Hitch Hiker's Guide to the Golden Circle

Day 8

The day dawned bright and sunny! What a contrast
with yesterday. There were moments of cloud and the odd spot of rain but the whole day has been beautiful.



The 'Golden Circle' is the name of tours from Reykjavik taking in Geyser, Gullfoss Falls and Pingvellir. We, of course, were not on a bus full of other tourists but able to travel early and go at our own pace. So after an early breakfast we set of to the mud pools and water spouts at Geysir.





Arriving just after 9am meant beating most other people there and for about half an hour there were only another dozen people at the site. The original Geyser at Geysir no longer fires up, unless artificially stimulated on occasions such as Iceland's independence day celebrations. But Strokkur, it's smaller cousin steams up to 33 metres every 5 or so minutes.
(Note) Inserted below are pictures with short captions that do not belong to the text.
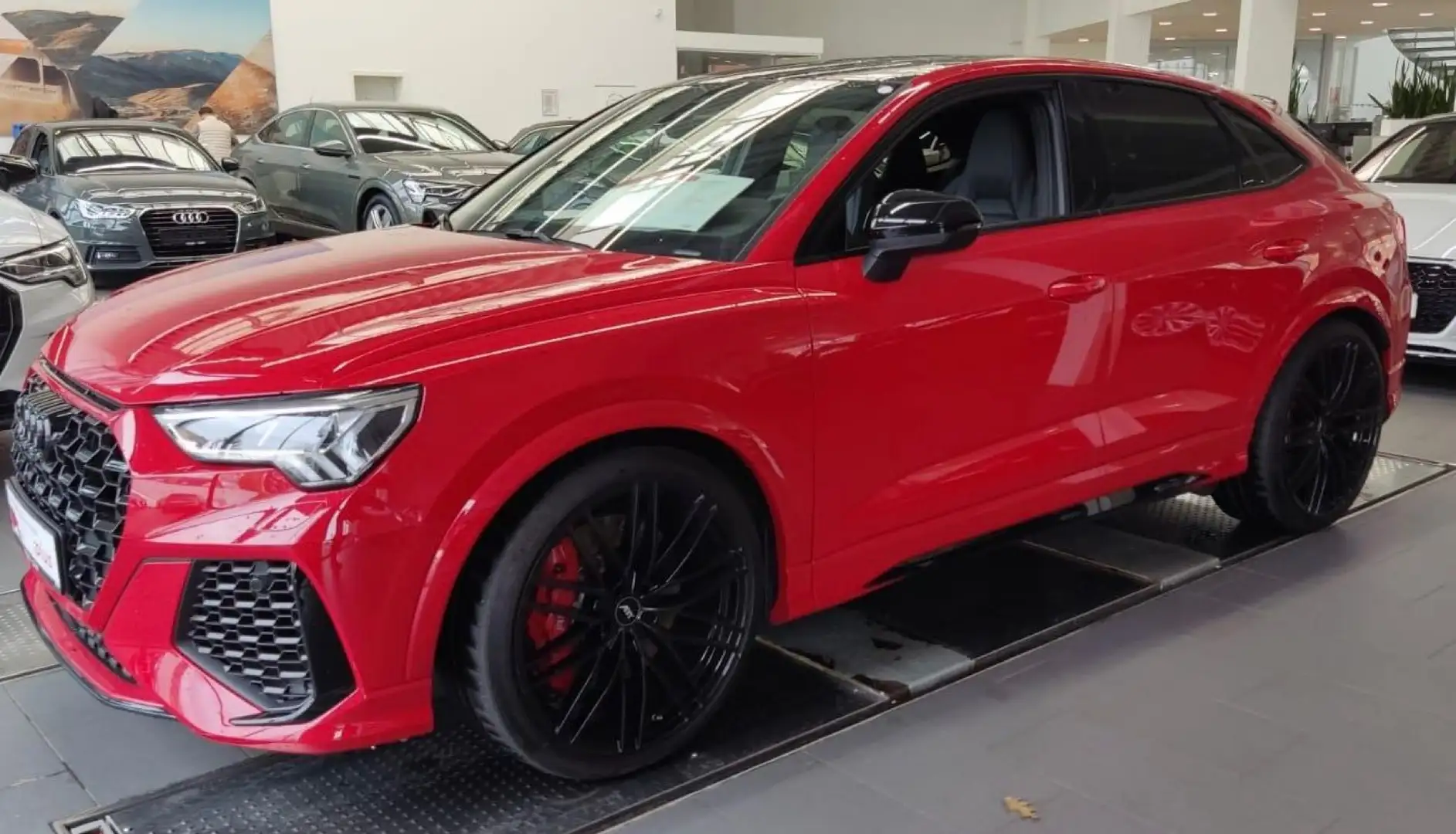 Audi RS Q3 Sportback 2.5 quattro s-tronic - 1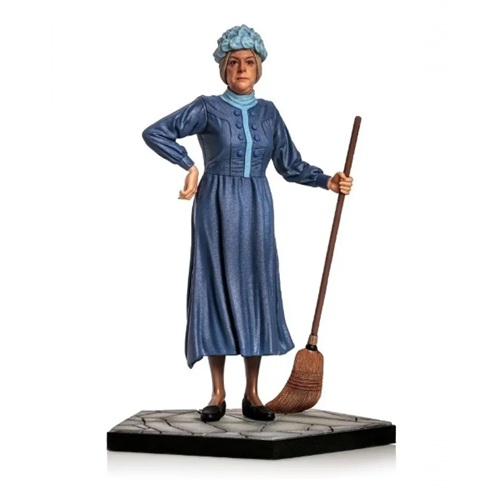 Iron Studios Art Scale 1/10 Dona Clotilde (Chaves)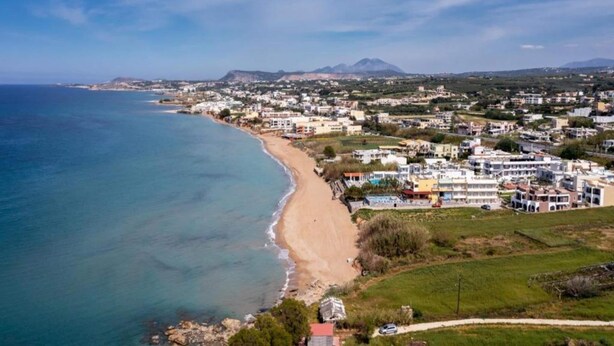 A coastal town with a beach, houses, and a mountain in the background. - Small Apartmentcomplex in Village of Prinès near Rethymnon (Rethymno)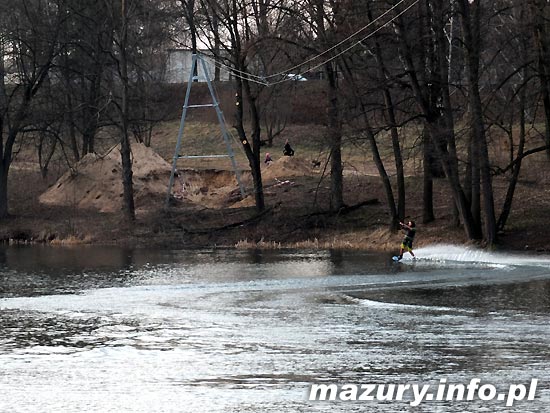 Wycig nart wodnych i wakeboarda w Giycku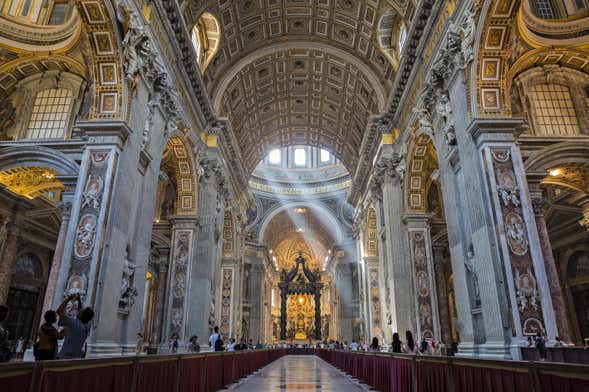 Entrada a la Basílica de San Pedro con subida a la cúpula y audioguía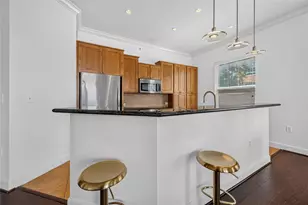 1010 Rosine St, Houston, TX 77019 - Photo 13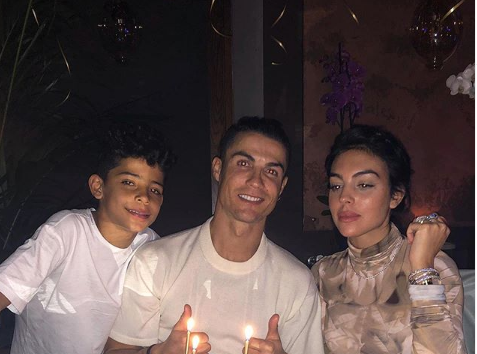 Криштиану Роналду с семьей. Фото из его аккаунта в instagram
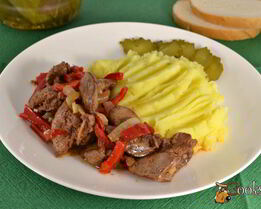 Куриная печень с болгарским сладким перцем на сковороде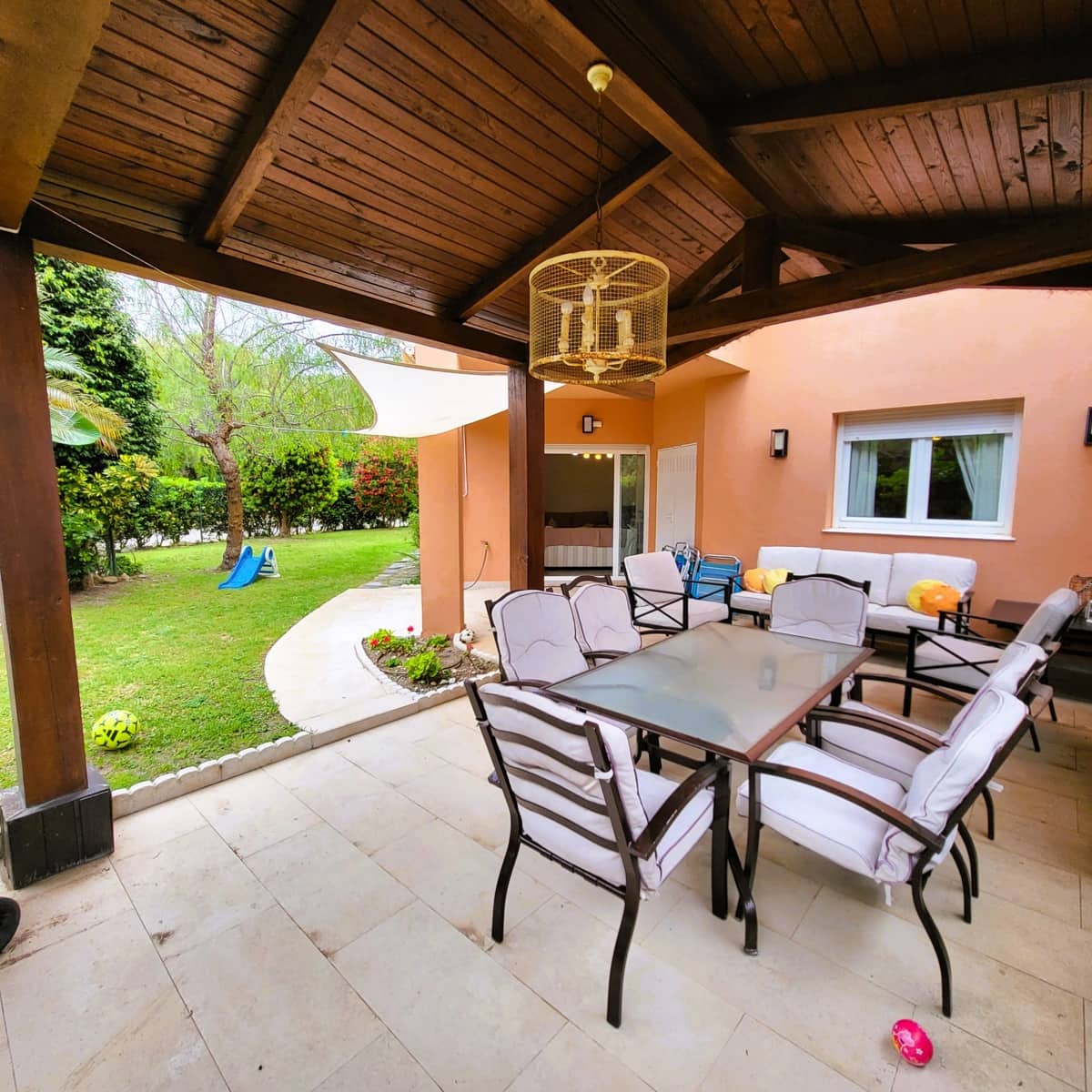 3 Zimmer Doppelhaus zu verkaufen in Manilva mit Pool Garage - 495.000 € (Ref: 9807471)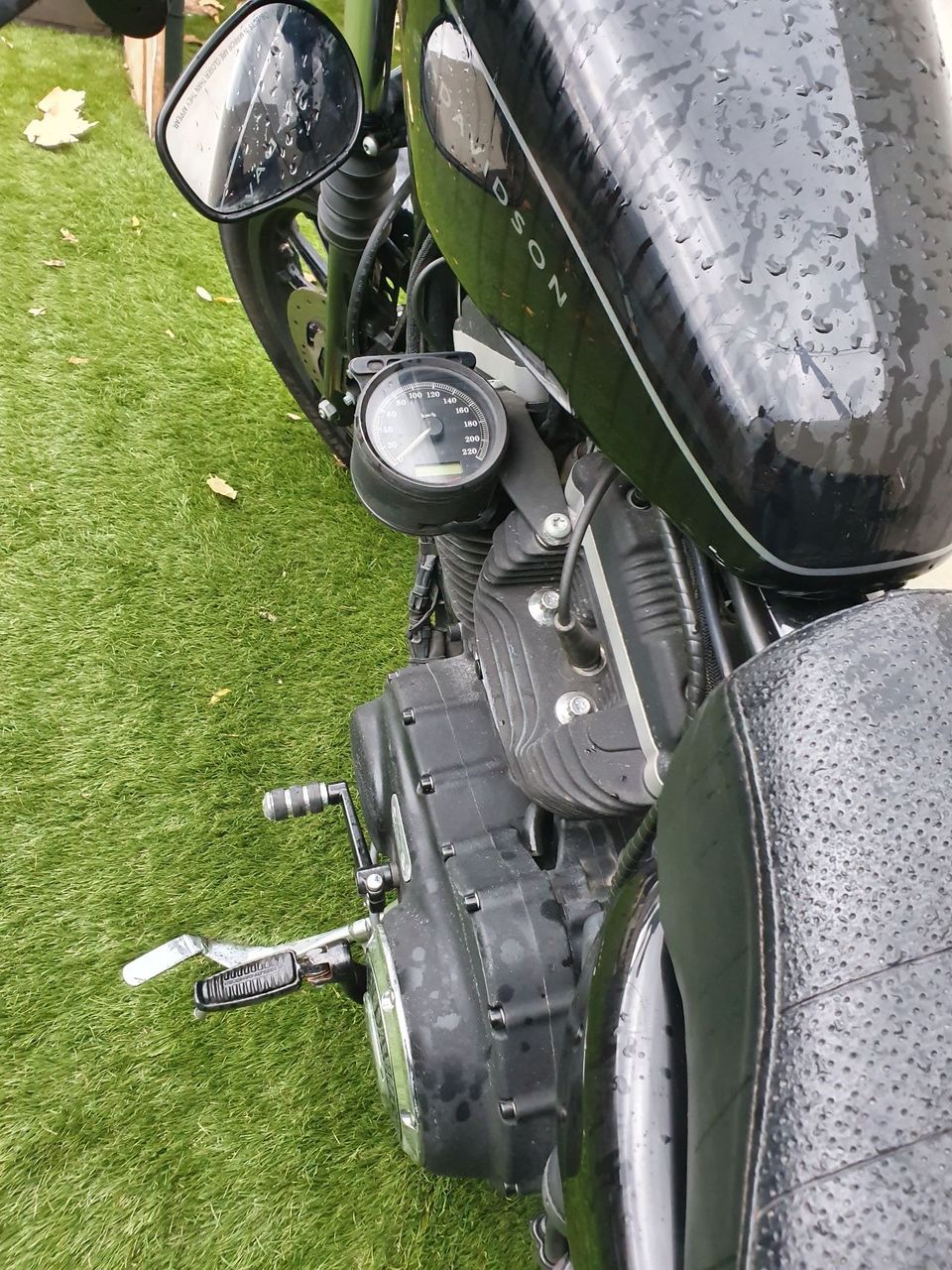 Photo HARLEY DAVIDSON 883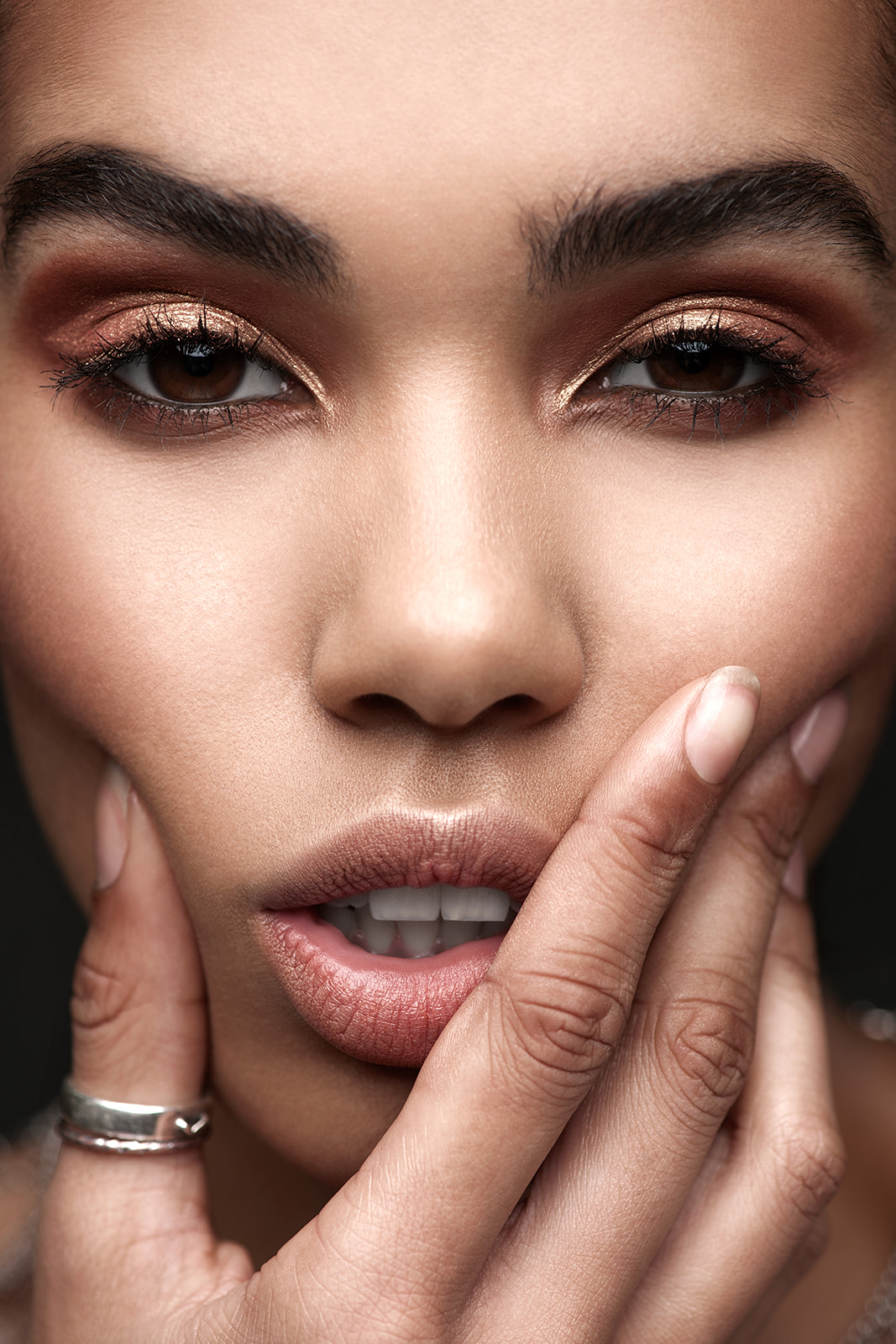 Editorial beauty photo by Birmingham photographer Garazi Photography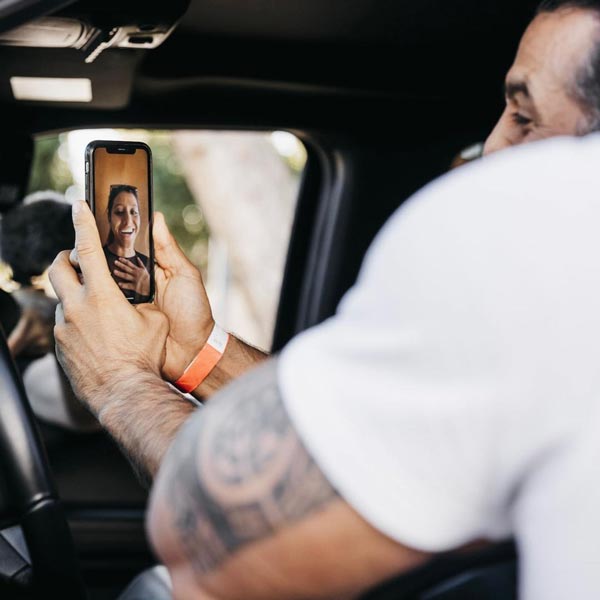 தனது விலையுயர்ந்த காரை பரிசளித்த டுவைன் ஜான்சன்... யாருக்கு கொடுத்தாருனு தெரியுமா? இத எதிர்பார்த்திருக்கவே மாட்டீங்க!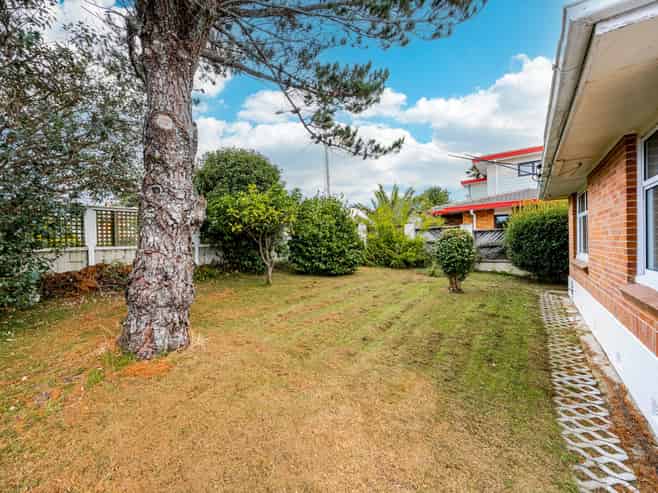 32 Donovan Street, Blockhouse Bay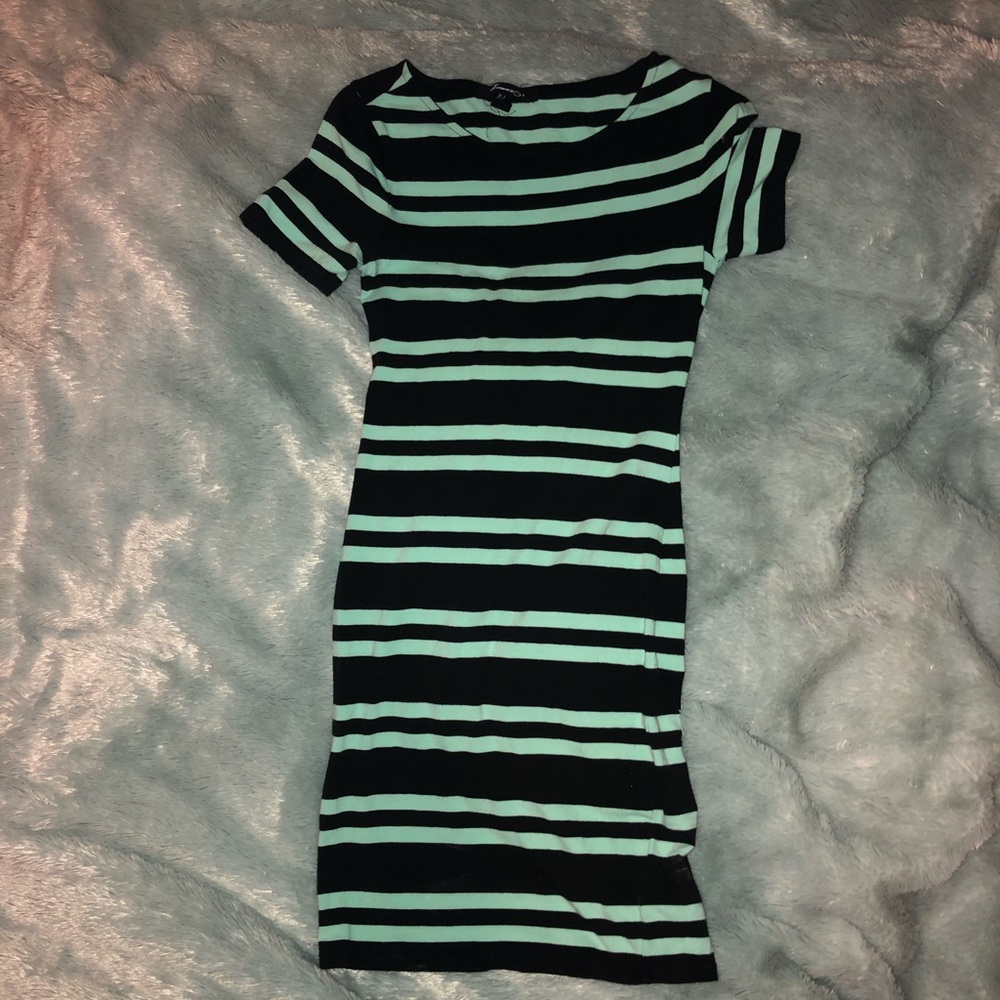 🎉🎉FREE WITH ANY PURCHASE Forever 21 stripe dress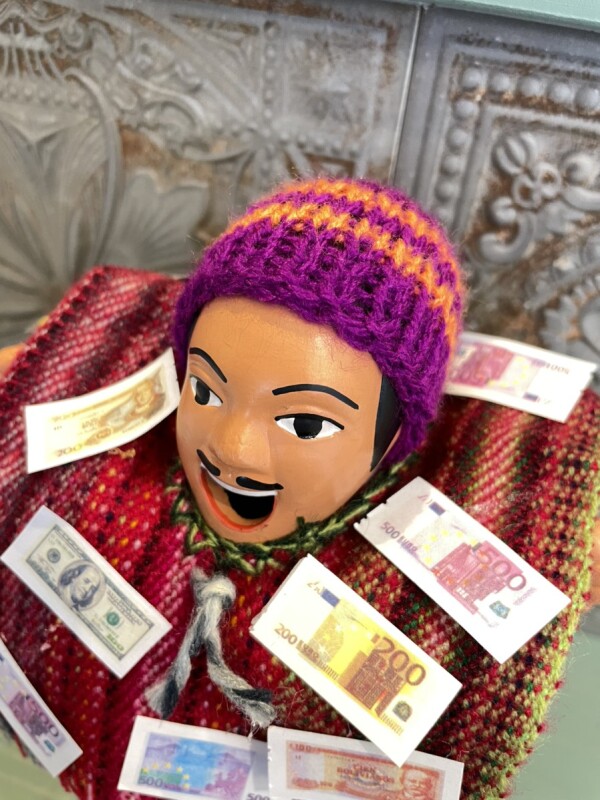 画像3: お金が欲しい！金持ちポンチョ💰エケコ人形用小物（ポンチョのみ）レッド系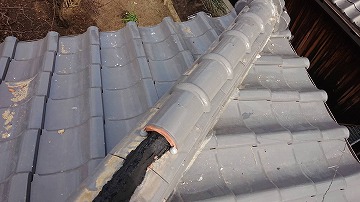 棟瓦の積み直し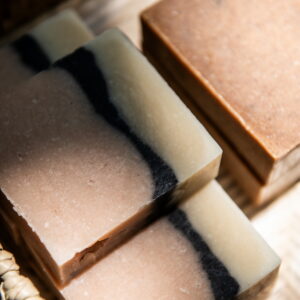 Jabón artesanal cuadrado hecho en casa con arcillas y aceites esenciales por Musgo Objetos Cotidianos.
We were not disappointed and it was fascinating to watch this phenomenon again and again.


On leaving Geyser (after the obligatory look rou
nd the gift shop) we picked up Deanna and Julia, two hitch hikers from Italy who have spent three weeks travelling around Iceland. They were heading for Gullfoss, so we were happy to take them with us and to have another perspective on this wonderful and unique country.












The falls were thundering, on lots of levels, with spray launching 80 metres into the air. We were beginning to realise that West Iceland is much busier than the East and coach loads of tourists kept rolling up, staying twenty minutes and moving on. It was quite a bump back toreality - then I remembered those queues outside Madame T ussauds across from Church House and realised Icelandic tourist traps are rather pleasant in comparison!

Our passengers also wanted to go to Pingvellir, so we all went off together. This was a fascinating place where the convergent tectonic plates of Europe and America are pulling apart. The evidence for this is all over Iceland in volcanoes, hot springs, geysers and rock formations. At Pingvellir there is a long ridge of churned up rock face, right next to a huge lake.


Here the Alpingi parliament (means 'all things') met for over 1000 years.

Sandy's getting to play with lots of his lenses and caught this spider doing what spiders are meant to do!


We dropped the girls on the road to Reykjavik and were pleased to see they got a lift immediately - we turned back towards Hotel Ork. We have finished the day in the pool and geothermically heated hot tubs - how cool (or hot...) is that!